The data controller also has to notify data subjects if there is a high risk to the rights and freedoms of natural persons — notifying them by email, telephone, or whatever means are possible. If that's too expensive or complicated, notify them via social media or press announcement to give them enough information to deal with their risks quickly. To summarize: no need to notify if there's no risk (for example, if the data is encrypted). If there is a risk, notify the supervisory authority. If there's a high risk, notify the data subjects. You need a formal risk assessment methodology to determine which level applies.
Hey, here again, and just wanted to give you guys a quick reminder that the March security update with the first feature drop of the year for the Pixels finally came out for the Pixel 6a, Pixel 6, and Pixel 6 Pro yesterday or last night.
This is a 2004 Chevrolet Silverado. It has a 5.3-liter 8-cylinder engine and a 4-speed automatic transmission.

=== YOUR GOAL ===
An exact, line-for-line copy is required: from the line containing "Hey, here again, and" through the final line of the listing above, both included, with nothing else.

=== SOLUTION TO THE EXERCISE ===
Hey, here again, and just wanted to give you guys a quick reminder that the March security update with the first feature drop of the year for the Pixels finally came out for the Pixel 6a, Pixel 6, and Pixel 6 Pro yesterday or last night.
This is a 2004 Chevrolet Silverado. It has a 5.3-liter 8-cylinder engine and a 4-speed automatic transmission.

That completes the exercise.